Colocando na conta caminhões e ônibus, foram emplacados 420,1 mil veículos no país durante o mês passado, marca que surpreendeu muitos analistas e confirmou o recorde de vendas na história da indústria automobilística – superando as 381,6 mil unidades licenciadas em dezembro de 2010.
 
Fiat, Volkswagen, General Motors, Renault e Honda nunca venderam tantos carros no Brasil como no mês passado. A Fiat também teve recorde de produção na fábrica de Betim, em Minas Gerais, de onde saíram 82 mil carros.
 
Ao divulgar os números na terça-feira, Flávio Meneghetti, presidente da Fenabrave – a entidade que representa as concessionárias de veículos – reconheceu que diversos modelos não estão mais disponíveis para pronta entrega nas revendas. Segundo ele, os estoques de carros na rede de distribuição – tirando as montadoras – caíram para um volume equivalente a 15 dias de venda.
 
A capacidade de abastecimento da indústria pode ser um obstáculo para projeções que apontam para um crescimento de até 12% do mercado neste ano.
 
Mas Meneghetti diz que a tendência de desaceleração das vendas indica uma recomposição dos estoques ao longo de setembro – para um giro superior a 20 dias nas lojas.

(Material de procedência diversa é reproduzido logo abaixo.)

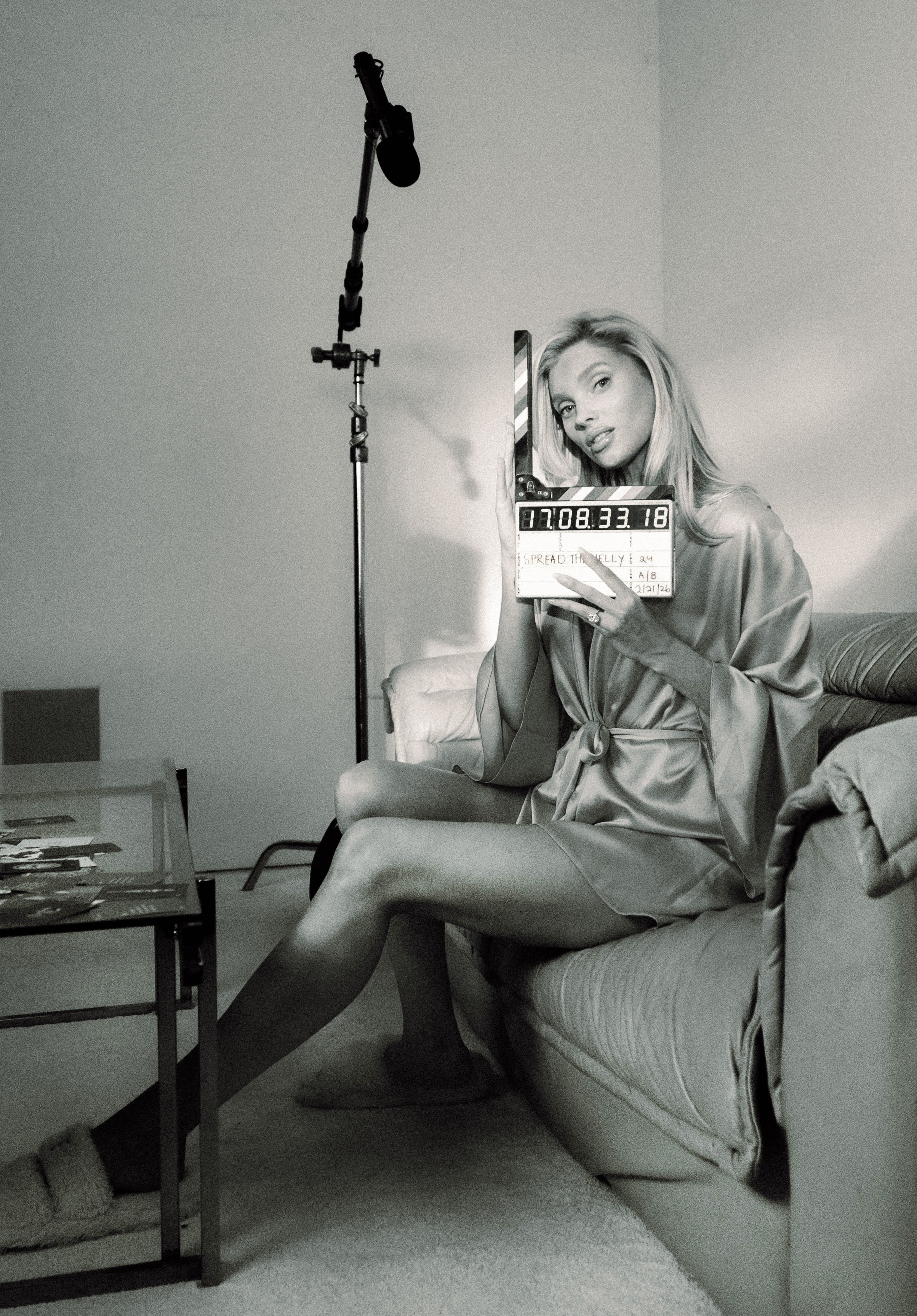 Image description not provided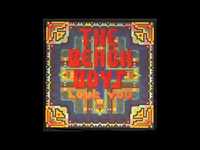 pochette album Let's put our hearts together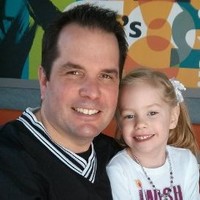 CapWest Home Loans Employee Chris Haile's profile photo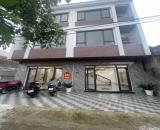 🏡 3 TẦNG XÂY MỚI 65M² – SÂN CỔNG RIÊNG – Ô TÔ VÀO TẬN CỬA – GẦN CHỢ PHÙ LƯU, PHÙ LiỄN, KA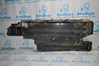 Защита днища прав subaru forester 14-18 sj 56411sg000 56411SG000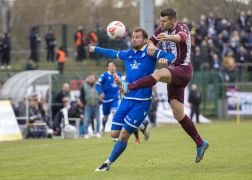 BFC Dynamo FC Carl Zeiss Jena 10042022 00015
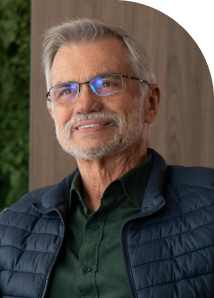 Bia Hajnal Bia Hajnal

Para o executivo, os volumes diários devem voltar para cerca de 16 mil carros. Em agosto, por influência da antecipação de compras, a média diária somou 17,6 mil unidades.
 
Com a decisão do governo de prorrogar por mais dois meses os incentivos às montadoras, analistas acreditam que a demanda seguirá aquecida, mas poucos apostam na manutenção dos números registrados no mês passado.